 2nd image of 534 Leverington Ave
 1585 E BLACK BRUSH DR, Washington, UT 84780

---

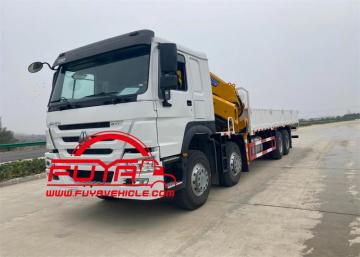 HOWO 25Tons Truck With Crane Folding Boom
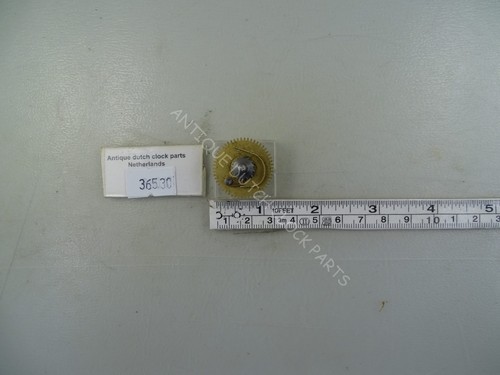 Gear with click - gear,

• **EXERCISE GOAL**
Leaving each picture behind, please give again exactly the lines above from the one with "HOWO 25Tons Truck With Crane Folding Boom" through the one with "Gear with click", both included, and no others.

• **OUTPUT OF THE EXERCISE**
 HOWO 25Tons Truck With Crane Folding Boom
 Gear with click - gear,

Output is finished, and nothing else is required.